Изображены болезнь, страх, ушедший глубоко в глубины подсознания, изображена социальная изоляция и культурная инородность в современном обществе. Изображена увлеченность творчеством как попытка компенсировать изоляцию и прорваться к новому знанию, к новому уровню свободы. Но это ничего не объясняет. Герои Мастера выписаны гораздо убедительнее, чем он сам. Схематизм образа может быть объяснен только тем, что М. Булгаков отслаивал его от себя, как наваждение. И страхи, и болезненные состояния, и сомнения, и неразрешимую ситуацию с самой близкой женщиной, и сожженную рукопись романа...

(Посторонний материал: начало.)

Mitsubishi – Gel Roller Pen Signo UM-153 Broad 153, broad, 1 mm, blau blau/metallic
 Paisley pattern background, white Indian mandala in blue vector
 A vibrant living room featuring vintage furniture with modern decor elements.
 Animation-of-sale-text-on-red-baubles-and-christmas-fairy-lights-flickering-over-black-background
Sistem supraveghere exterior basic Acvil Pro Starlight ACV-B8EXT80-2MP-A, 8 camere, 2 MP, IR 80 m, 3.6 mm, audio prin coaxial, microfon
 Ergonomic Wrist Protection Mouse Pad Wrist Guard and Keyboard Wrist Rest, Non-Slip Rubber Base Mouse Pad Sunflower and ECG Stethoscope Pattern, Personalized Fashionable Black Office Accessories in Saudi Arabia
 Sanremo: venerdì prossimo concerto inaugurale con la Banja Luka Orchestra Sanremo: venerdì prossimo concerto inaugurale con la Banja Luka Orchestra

Поэтому образ Мастера получился авторской тенью — со слабой персонификацией (близость внешнего облика к портретам Н.В. Гоголя, самого Булгакова), с отсутствующей биографией и даже именем. Невнятно его происхождение — дворянское, мещанское? Литературная карьера его не освещена. А. Барков выдвигает гипотезу о том, что прототипом этого героя мог быть не кто иной, как Горький, пролетарский писатель, часто в литературных кругах именуемый в то время «мастером» (Барков, 1994). Эта смелая мысль ничего не объясняет в концепции образа, а лишь уводит ее в другую плоскость.
Образ явно положительный и, как все положительные образы, теряющий в конкретности. Наделенный тонкой психической организацией, литературным вкусом, Мастер образован блестяще, по сравнению с «девственным» Иванушкой. Знание иностранных языков, современных и древних, указывает на классическое образование. Знание мировой литературы, культуры, соответствующие манеры, в том числе речевые, выдают русского интеллигента, то есть интеллигента не в первом поколении. Но по-настоящему раскрыться этот образ так и не раскрылся, что связано с соответствующими обстоятельствами, в которые ставит героя писатель. Поэтому образ Мастера не поддается однозначной оценке — трижды романтический Мастер и историк в одно и то же время, гениальный писатель практически без литературного прошлого. Образ, данный скорее пунктирно. Образ, созданный в рамках пограничных состояний нормы и патологии.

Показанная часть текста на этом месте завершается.